Pull up to the counter—today’s menu features “a journey through love, loss, acceptance and the struggles of being a human,” all served up by Andrew “Deli” Dell Isola
Forgive me lord, for I am about to get real weird with what, for this piece, is absolutely the most obvious of metaphors.
Life is like a deli…. you never know what you’re gonna get.
Deli. Bodega. Cornerstore. Call it what you will. If you want to get existential with it (walk with me), these NYC minimarts could even be considered microcosms of the human experience… or at least, in some way, symbolic of them. We’re all just cruising through the aisles of this existence, after all. Selecting specific experiences while avoiding others, realizing with dismay that the opportunities we desired might have already expired but frequently being surprised, and delighted, by what’s in store instead.
Coffee, stamps, cigarettes. College, art, drugs. Shampoo, socks, scratch-offs. Tattoos, travel, pets. Plantain chips, pork rinds or a paper bagged beer. Kids, house, monogamy… maybe a partial lobotomy.
Like your neighborhood market, this life is stocked with choices to make and chances to take. And no matter what you or I opt for during our visit… at the end, well, we’ve all got no choice but to check out.
Art, at its core, is our attempt to make sense of this living experiment and the thoughts, feelings and relationships that define it. To pull from the unique and personal—the only thing we really know—to craft something that, by nature of its truth, speaks to the human in us all.
Enter Good Deli (we’ve reached our destination; thanks for riding), the solo project of Andrew “Deli” Dell Isola, whose album feels like the perfect product of this practice and has been spinning—in the Soundcloud sense—on repeat at Chez Sam since it arrived early in my inbox this week. And today, a day ahead of its official drop, I could not be more thrilled to premiere it here.
From Good Deli, this is Delivision.
“Delivision is a journey through love, loss, acceptance and the struggles of being a human, underneath a circus tent of saturated rock and roll, dripping with steamy goodness, served on a silver platter for you to enjoy,” the artist said of his debut album. “I am Deli, and this is the view from my eyes.”
Straight to your ears.
Describing music itself has never been my strong suit, but this album is reminiscent of so many works I love (by local artists, of course). In parts of Delivision, I sense the jangly earnestness of JW Francis, some sweet-n-surfy Jelly Kelly-style segments and a Petite League-like lyrical gift for making poetry out of the perfectly mundane.
Surprises (and sound effects) are aplenty, while silliness and sincerity are employed equally and expertly to express emotion—and, most notably, the fun truly comes through. It’s not always the case, but it seems to be the commonality when I examine the records I truly love: When listening to this album, you can recognize you’re witnessing someone doing what they love to do, what they’re meant to do. And for a music fan, and a person, there’s nothing more satisfying.

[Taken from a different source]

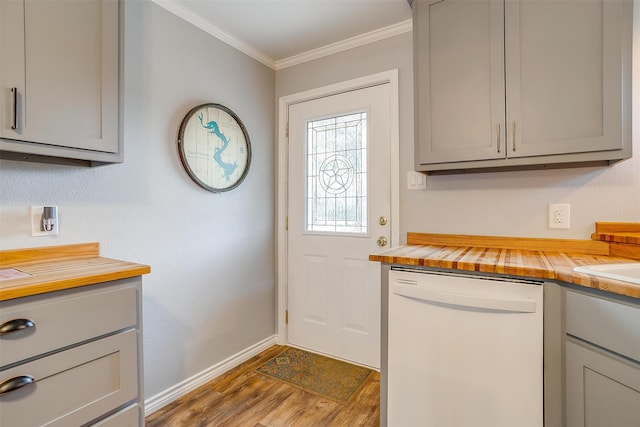 interior space with wood counters, dark wood-type flooring, white dishwasher, gray cabinets, and ornamental molding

Ahead of the release, Deli shared a bit on each of the album’s 12 tracks, which pull inspiration from stranger trauma and stranger drama… his heart aching and his back breaking… Captain Crunch, Bart Simpson and a beloved gambling grandmother who may or may not be known as Betty (alias implemented to protect the awesome).
DELIVISION—TRACK BY TRACK:
“Before My Day”
“This song is a self-reflective tune about losing part of yourself. The first line in the song, ‘My doctor said my prescription read more of you’, is the doctor telling me that I need to get back to caring about myself. Don’t let go of yourself, and don’t forget what it feels like to be a kid. ‘Before My Day’ is about getting back to yourself, and your routine every morning to make yourself feel comfortable to take on the day.”
“Hand Me Your Bags”
“One night at a bar, I was feeling down on myself and stressed, and I met a person who immediately dumped a heaping plate of trauma onto my lap. Listening to their hardships made me realize that maybe I was doing ok, and the grass is always greener on the other side.”
“My Red Nose”
“The origin of this tune also came from a late-night bar experience. I was ready to leave and a person came up to me on my way out and tried to pull a drunken move, to which I denied. They were offended that I did not want to participate and drunkenly scolded me. To which I replied, ‘you may look at me like I’m some sort of clown, that is because I am,’ and I sauntered away. This song is supposed to be a call and response sort of thing, to which the drunk person says to me ‘salty water on my lips I want to feel your hips.'”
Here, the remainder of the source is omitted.